• _WHAT YOU SHOULD DO_
Look below for the line that contains "((Skinny, male, businessman", then copy it and each following line to the end of the records, minus any pictures.

• _SOURCE DATA_

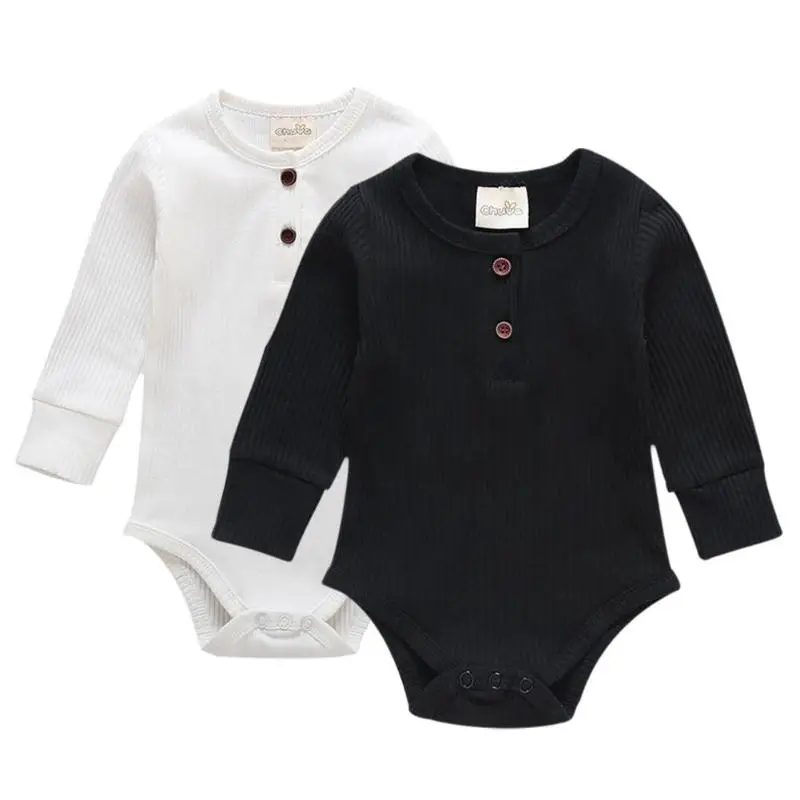 

Cotton Toddler Baby Boys Girls Rompers Long Sleeve Solid O-Neck Jumpsuits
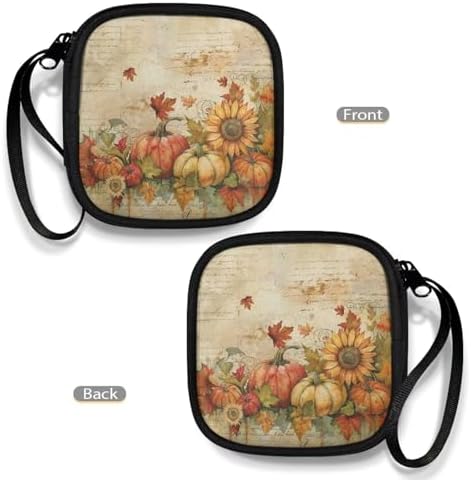 Pumpkin Maple Leaf Thanksgiving Earphone Case Earbuds Small Carrying Cases Portable Headphone Organizer Storage Pouch Bag with Handle Make The Headphone Cable to Be Better Placed - Image 4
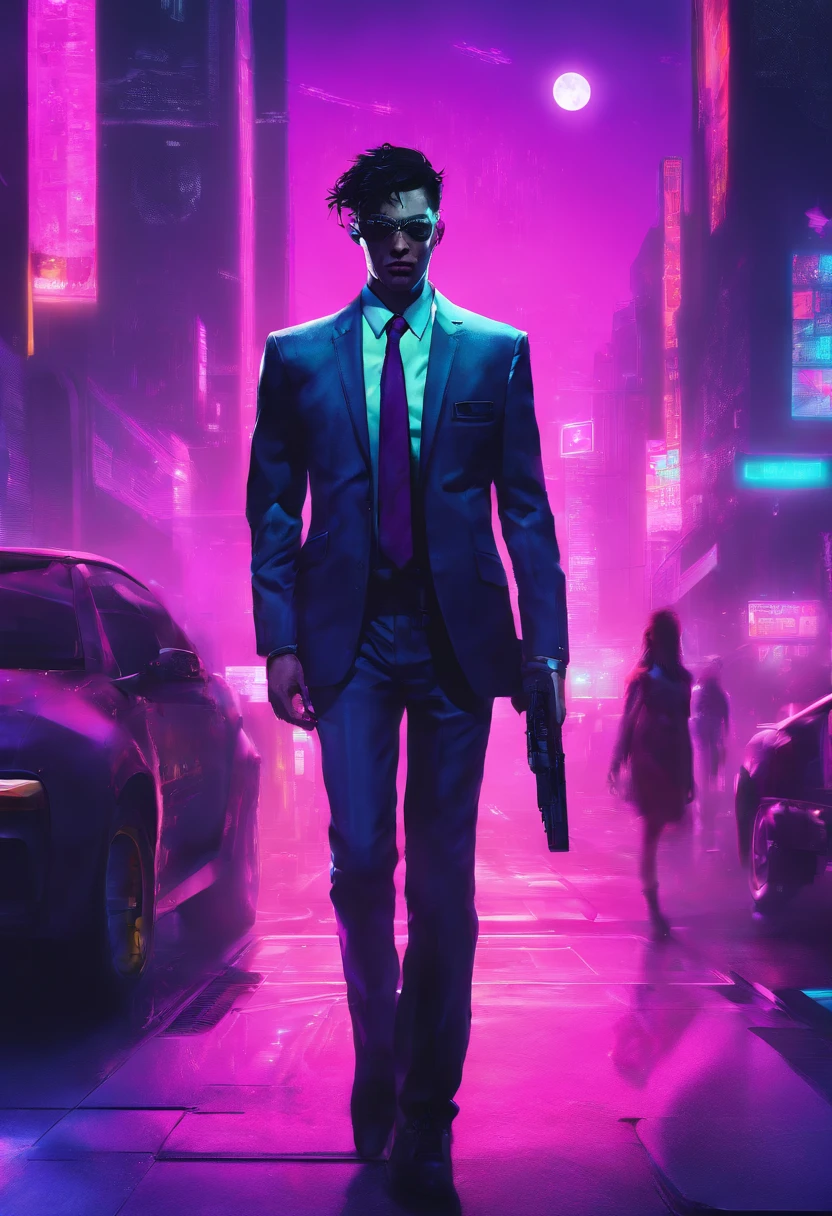 ((Skinny, male, businessman walking under night sky with moon out wearing a basic suit and tie)), cowboy shot, (black short shaggy hair with purple highlights), ((office cubicle background)), (highly detailed photo realistic), sharp focus, ultra high quality, vibrant, masterpiece, (cinematic lighting), ((male))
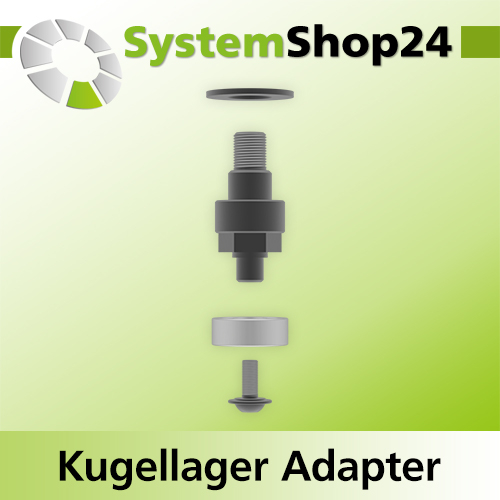 Systemshop24 Kugellager Adapter für Wendeplatten-Falzfräser mit 14mm Kugellager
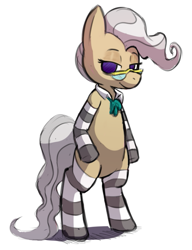 Size: 629x820 | Tagged: safe, artist:hitsuji, mayor mare, earth pony, pony, g4, bipedal, clothes, female, glasses, looking at you, simple background, socks, solo, striped socks, white background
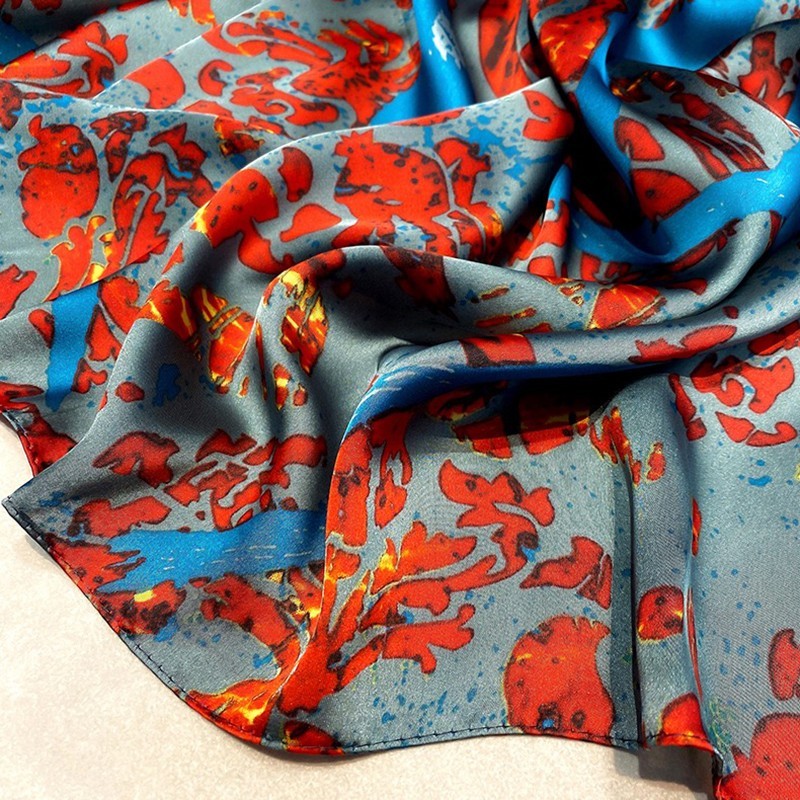 Silk Scarf Wrap Shawl Grey Red Blue Abstract Print Art Nouveau Style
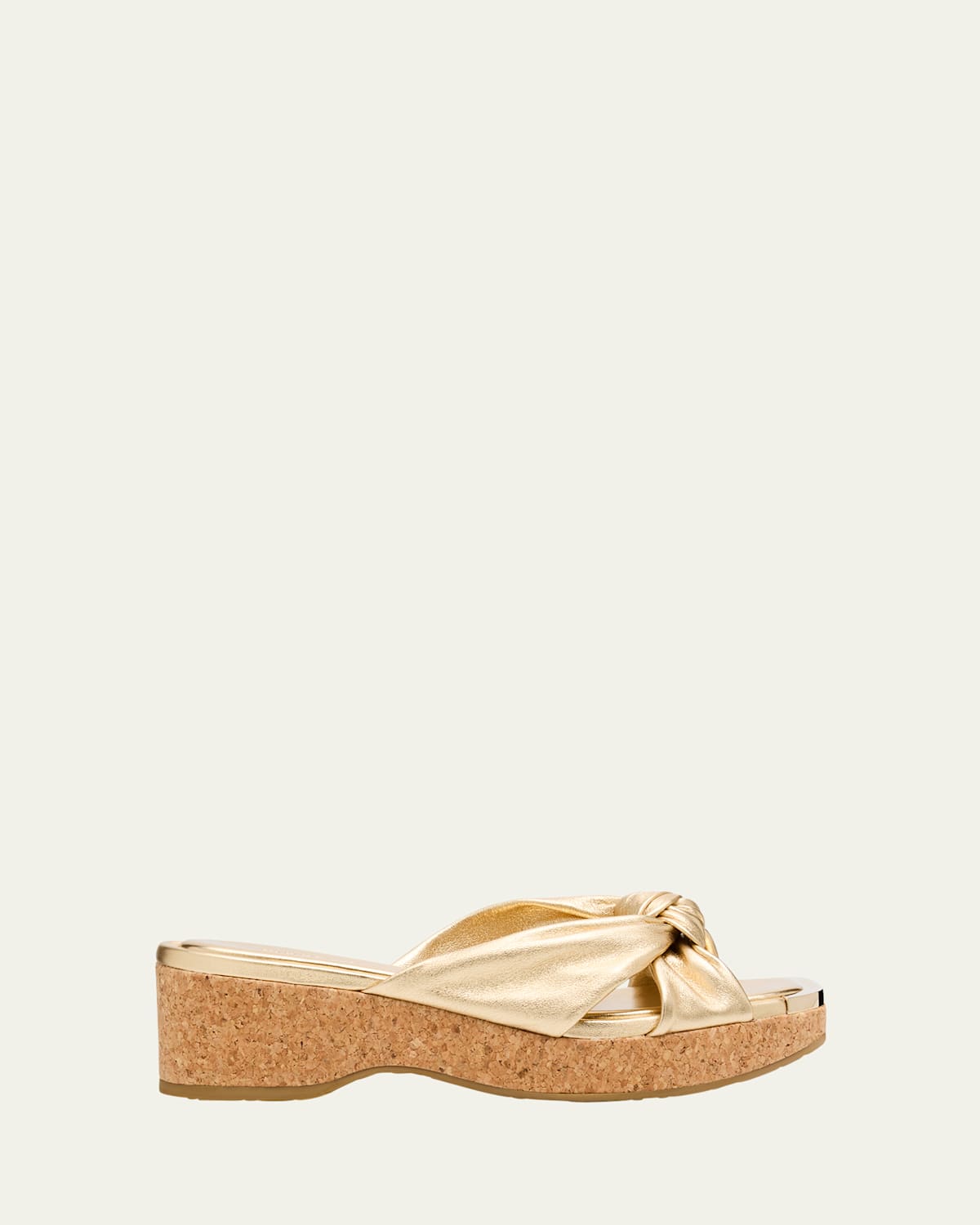 JIMMY CHOO AVENUE LEATHER CRISSCROSS WEDGE SANDALS 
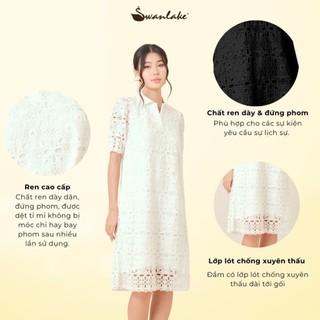 SWANLAKE | Váy Đầm Nữ Ren Lưới Suông Dài Qua Gối Cổ Polo Tay Ngắn Lớp Lót Lụa Hàn Cao Cấp - D11829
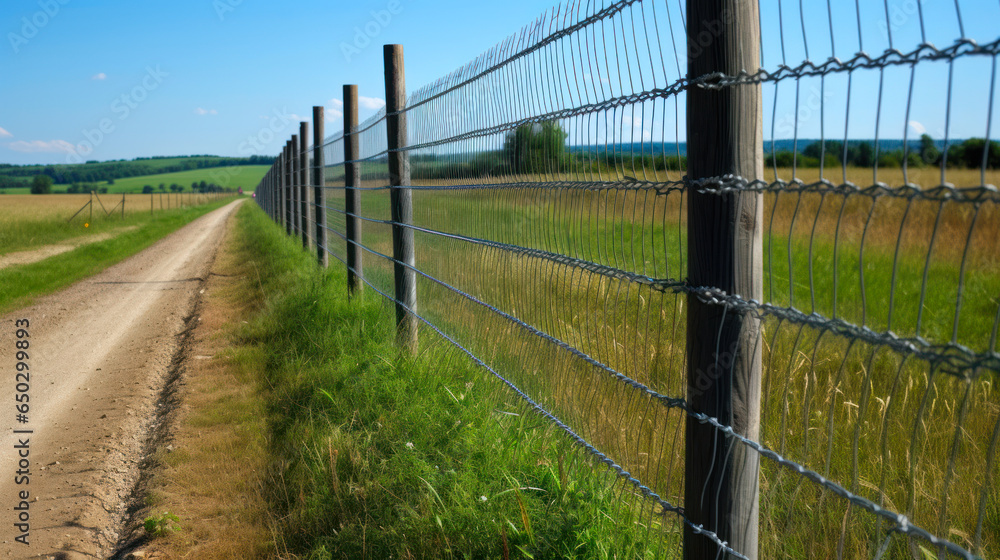 Fence on a country road through the fields and meadows in summer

• _SOLUTION TO THIS PROBLEM_
 ((Skinny, male, businessman walking under night sky with moon out wearing a basic suit and tie)), cowboy shot, (black short shaggy hair with purple highlights), ((office cubicle background)), (highly detailed photo realistic), sharp focus, ultra high quality, vibrant, masterpiece, (cinematic lighting), ((male))
 Systemshop24 Kugellager Adapter für Wendeplatten-Falzfräser mit 14mm Kugellager
 Size: 629x820 | Tagged: safe, artist:hitsuji, mayor mare, earth pony, pony, g4, bipedal, clothes, female, glasses, looking at you, simple background, socks, solo, striped socks, white background
 Silk Scarf Wrap Shawl Grey Red Blue Abstract Print Art Nouveau Style
 JIMMY CHOO AVENUE LEATHER CRISSCROSS WEDGE SANDALS 
 SWANLAKE | Váy Đầm Nữ Ren Lưới Suông Dài Qua Gối Cổ Polo Tay Ngắn Lớp Lót Lụa Hàn Cao Cấp - D11829
 Fence on a country road through the fields and meadows in summer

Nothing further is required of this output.